Por eso, cuando las universidades públicas comenzaron a plantear presiones al gobierno de AMLO, a fin de conseguir ampliaciones presupuestales extraordinarias para 2019 y aumentos exorbitantes para 2020, el presidente con todo tino externó su negativa. No se trata de no atender las necesidades del sector, mucho menos de restar importancia a un aspecto crucial para la transformación de México. Se trata, precisamente, de llevar la transformación al mundo universitario, y de que nuestras instituciones, en ejercicio de su autonomía y de una profunda autocrítica, realicen los ajustes imprescindibles para aumentar su calidad, cobertura y eficiencia, adoptando los cambios requeridos para volver a dar prioridad a la docencia y la investigación, desechando los obsoletos planteamientos del “pensamiento único”.
Nos parece muy adecuada la estrategia del gobierno federal en el tema.
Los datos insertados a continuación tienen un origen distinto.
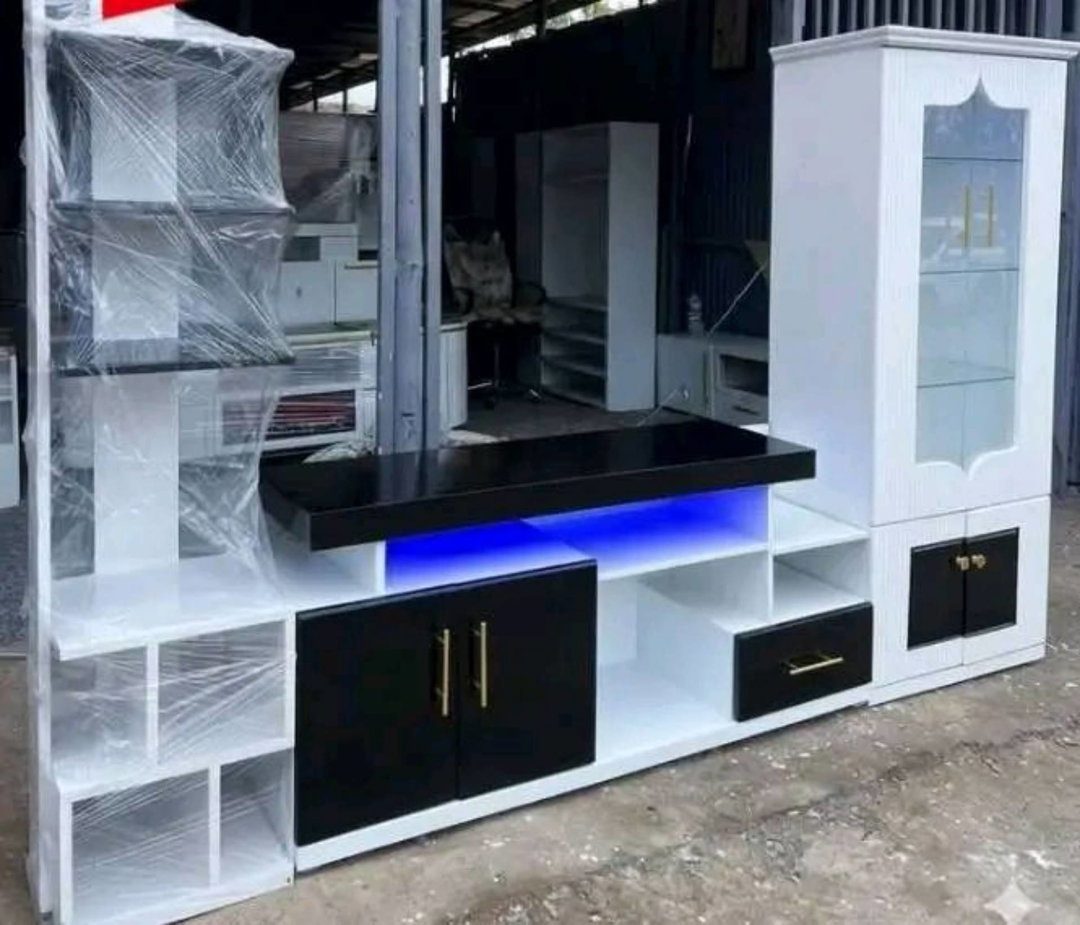 Wall unit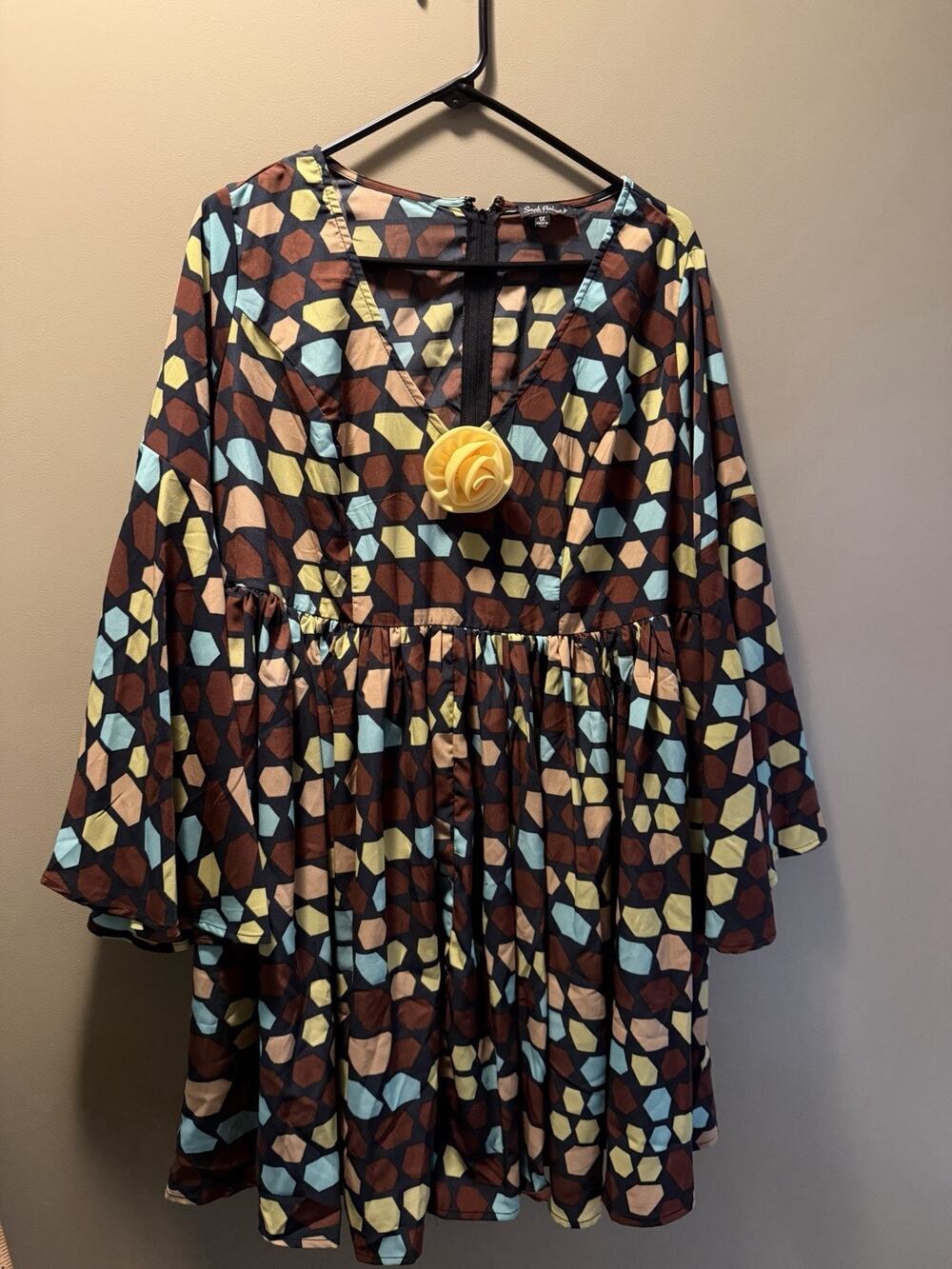 Smak Parlour Dress Multicolor Geometric Women’s Size 1X/16 Pockets Flare Arms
Bien podría, como se ha hecho en el pasado, forzar un acuerdo cupular y presionar por diversas vías para su cumplimiento; o iniciar –como también se ha hecho– una campaña mediática de satanización para lograr el objetivo de una administración más racional de los recursos. La tarea nos queda a nosotros, los universitarios de base, sin imposiciones ni condicionamientos. El tema no es peccata minuta: la transformación del país está en juego, y lograr universidades populares, con programas educativos pertinentes, de gran cobertura y mayor calidad, es un objetivo ineludible.